4-Vacuum reading at idle was 14 hg, which is rather low
I came to the conclusion that timing might be off. Popped the valve cover and here is what I found.
The timing chain has *somehow* jumped a tooth (I had a problem with the coilpack, the previous owner must have had the coilpack cover installed in reverse, so number 6 on the coil was in fact number 1








This caused me trouble starting the car and I heard something (metal noise) while cranking the car a couple of times before realizing







. This must be the time when the chain jumped)

I'll be resetting the timing tomorrow. It was going strong under boost, so I'm hoping nothing is damaged. Should I be doing anything else, anything specific to check before I restart the car?
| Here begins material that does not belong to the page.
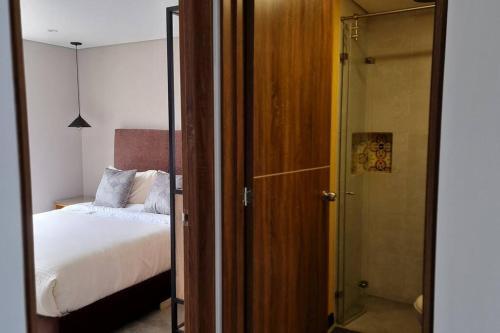 Apartamento Encanto Retro En Hosty - Chapinero Central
Could the white color of the plugs be related to this mismatched timing? What do you guys think?
Big thanks goes to:
Scott from USRT
James from Four Season Tuning
Shawn from Kinetic
Chris from C2 Motorsports
I hope I haven't forgot anyone.
And of course, a big thanks to this forum who made all this possible.








Elie


_Modified by VR6rocks at 9:50 AM 8-25-2008_


----------



## 05JettaGLXVR6 (Jan 25, 2006)

*Re: Euro VR6-T Stage 1 - 9psi (VR6rocks)*

That doesn't look good buddy. GL with it hope it comes out alright
I WANT THAT SRI!!!


----------



## 1_slow_mk3 (Jul 23, 2007)

*Re: Euro VR6-T Stage 1 - 9psi (05JettaGLXVR6)*


_Quote, originally posted by *05JettaGLXVR6* »_
I WANT THAT SRI!!!

I must be blind?


----------



## nubVR (Apr 25, 2004)

*Re: Euro VR6-T Stage 1 - 9psi (1_slow_mk3)*

hopefully its just the timing man... good luck on that... http://****************.com/smile/emthup.gif


----------



## fnvr6t (Apr 29, 2008)

*Re: Euro VR6-T Stage 1 - 9psi (nubVR)*

you runnig 42# tune/injectors lowered compression and stage 3 clutch. run a mbc and turn up the boost!


----------



## VR6rocks (Jun 5, 2004)

*Re: Euro VR6-T Stage 1 - 9psi (05JettaGLXVR6)*


_Quote, originally posted by *05JettaGLXVR6* »_That doesn't look good buddy. GL with it hope it comes out alright
I WANT THAT SRI!!!

You really think so? I mean what could have possibly happened now.
I don't think the valves are damaged because otherwise it wouldn't run the way it was running.
Blown rings?
Btw, that SRI will be up for sale soon. I got a better SRI in the closet







, custom made by Justin (aka nubVR)
But FIRST, I want to solve my current problem because otherwise ...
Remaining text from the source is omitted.